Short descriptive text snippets
____

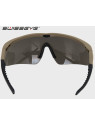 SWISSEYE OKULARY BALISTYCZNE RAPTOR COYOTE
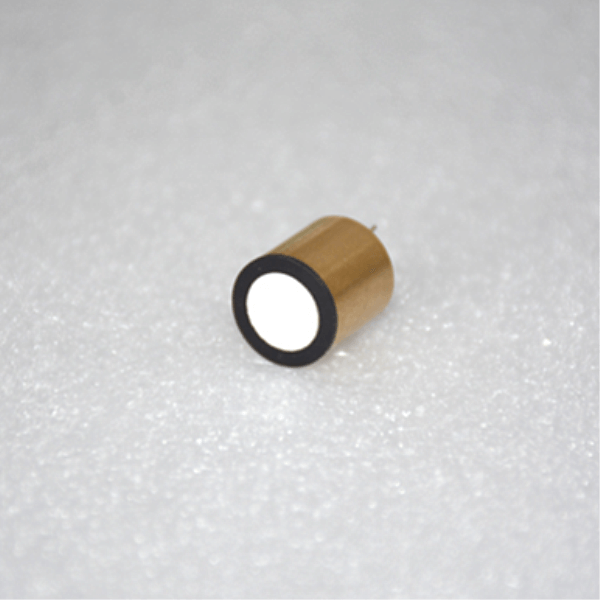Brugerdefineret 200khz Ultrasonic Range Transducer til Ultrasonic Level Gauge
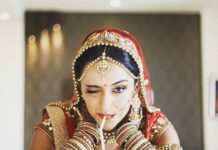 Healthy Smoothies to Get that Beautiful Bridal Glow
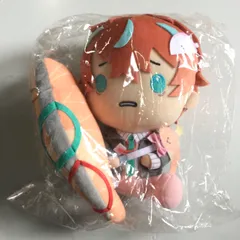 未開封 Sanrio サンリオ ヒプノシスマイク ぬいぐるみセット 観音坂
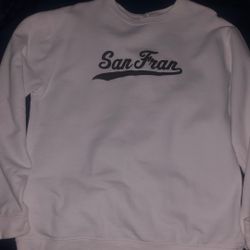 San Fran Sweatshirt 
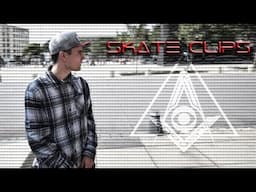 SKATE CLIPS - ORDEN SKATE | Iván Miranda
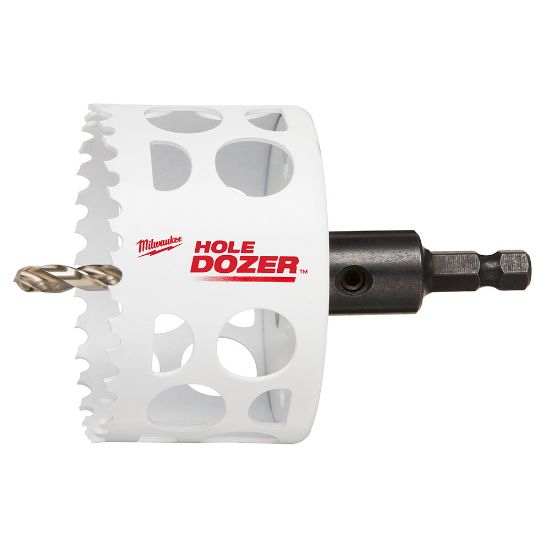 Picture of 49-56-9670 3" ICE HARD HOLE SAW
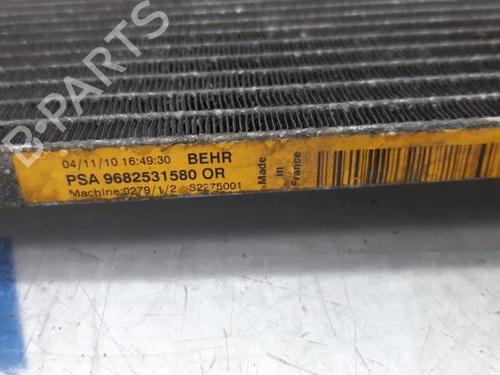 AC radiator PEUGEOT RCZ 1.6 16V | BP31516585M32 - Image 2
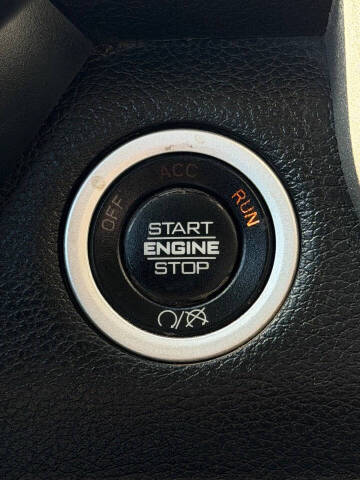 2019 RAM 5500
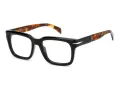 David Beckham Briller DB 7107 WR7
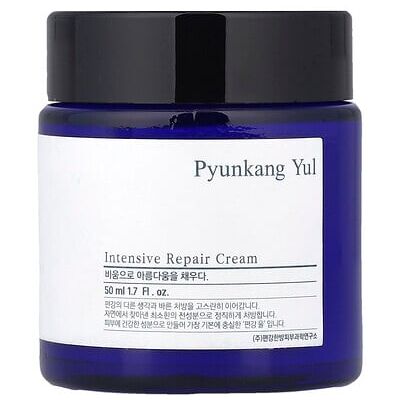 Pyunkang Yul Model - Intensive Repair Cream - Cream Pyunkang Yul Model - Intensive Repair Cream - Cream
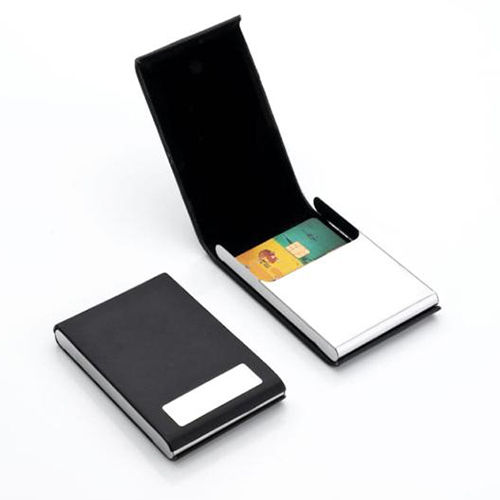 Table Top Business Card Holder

____

> **Problem to work on**:
Would you copy every entry exactly as it stands, leaving out the pictures?

> **Task answer**:
 SWISSEYE OKULARY BALISTYCZNE RAPTOR COYOTE
Brugerdefineret 200khz Ultrasonic Range Transducer til Ultrasonic Level Gauge
 Healthy Smoothies to Get that Beautiful Bridal Glow
 未開封 Sanrio サンリオ ヒプノシスマイク ぬいぐるみセット 観音坂
 San Fran Sweatshirt 
 SKATE CLIPS - ORDEN SKATE | Iván Miranda
 Picture of 49-56-9670 3" ICE HARD HOLE SAW
 AC radiator PEUGEOT RCZ 1.6 16V | BP31516585M32 - Image 2
 2019 RAM 5500
 David Beckham Briller DB 7107 WR7
 Pyunkang Yul Model - Intensive Repair Cream - Cream Pyunkang Yul Model - Intensive Repair Cream - Cream
 Table Top Business Card Holder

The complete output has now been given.